Com um lucro médio estimado em 31,27%, produtores de soja no Brasil têm uma oportunidade estratégica para realizar vendas parciais e assegurar a cobertura de seus custos de produção. A recomendação é da TF Agroeconômica, que alerta para os riscos associados à incerteza no cenário global, como guerras, tarifas e oscilações cambiais.
Segundo a consultoria, a estratégia ideal neste momento é vender parte da produção e manter o restante estocado, apostando em possíveis valorizações futuras do mercado.

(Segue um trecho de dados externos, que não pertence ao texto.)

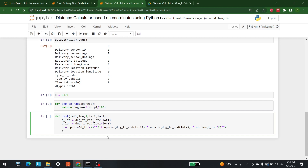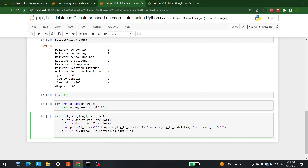Then we calculate c = 2 * np.arctan2(np.sqrt(a), np.sqrt(1 - a)), which is the inverse tangent step of the Haversine formula. Finally, we return R * c, which gives us the distance. Let's run this to define the functions.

Cenário externo influencia cotação no Brasil
O comportamento do dólar frente ao real em junho foi um dos principais fatores de influência no mercado. A valorização do real reduziu a competitividade das exportações brasileiras, desestimulando as vendas internas. Isso resultou em pressão de alta para a soja em Chicago (CBOT), mas teve efeito baixista nos preços domésticos.
Outros fatores que sustentaram o viés altista foram:
Aumento das tarifas de exportação na Argentina, a partir de 1º de julho, o que pode desacelerar as vendas do país vizinho;
Nova venda de 119,7 mil toneladas de soja para o México, confirmada pelo USDA para a safra 2025/26.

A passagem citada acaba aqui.